"You're ringing your hands a lot do you want some moisturiser?" my Canadian Girlfriend asks.
She's very observant when it comes to things like that. And if she's noticed that then her pretty little mind will be ticking away and follow it up with the next logical question. She is very intelligent like that. There is a short silence.
"You only do that when you're upset about something. What have I done?"
"No it's nothing you've done." I reply. I hesitate. "Do you think I look a bit too gay today?"
I am wearing a blue vest, jeans and my Oakleys. My hair is styled no different from normal in a fatter than usual Hoxton Finn with the tips still showing the blonde colour I have had for the past month or two.
"Not at all. Why would you say that?"
"Didn't you hear those Football Fans at the Tram Stop singing 'Who's the Rent Boy in the blue?'?"
"Well they're probably just jealous. I'd take that as a compliment if I were you. Rent Boys are notorious for having kick ass bodies and tiny little waists. And they're usually very pretty boys too."
"And they sell their bodies for sex." I remind her.
There is silence. As I said earlier, she's very clever and always knows what I am thinking and what to say to make me feel better. I'm sure she'll dig herself out of his hole with ease.
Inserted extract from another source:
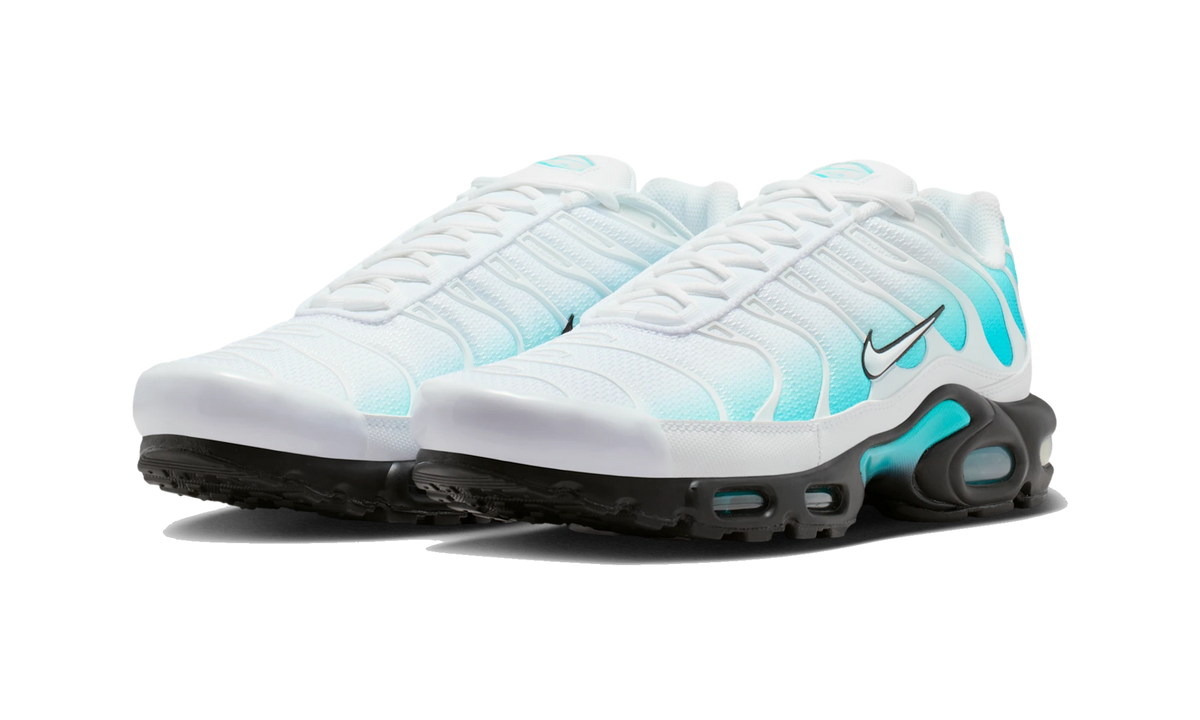 Overkicks - Nike Air Max Plus Dusty Cactus/Black/White (IU7539-345) - vista trasera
"It could've been worse," she says. I look up with my I-very-much-doubt-it look on my face. "They could've asked you to do a Robot Dance and called you to Peter Crouch."
She is right. That would've been worse. I am currently very torn about my likeness to Mr Crouch. He is gaining "Cult Status" and his popularity is on the rise - I am thinking of cashing in and joining a "Look-a-Like" agency. Maybe I'll get to cut the ribbon at an Aldi or a Netto. I have even been perfecting the robot dance.
Although all this will be short lived, so I should cash in when I can. By the end of this month, when England crash out of the World Cup on penalties to Portugal (which is what it says on the Excel Spreadsheet I filed in), his popularity will plummet and he'll be a national laughing stock again.
And those people with the "Peter Crouch is a Cult" banners will only have to change one letter.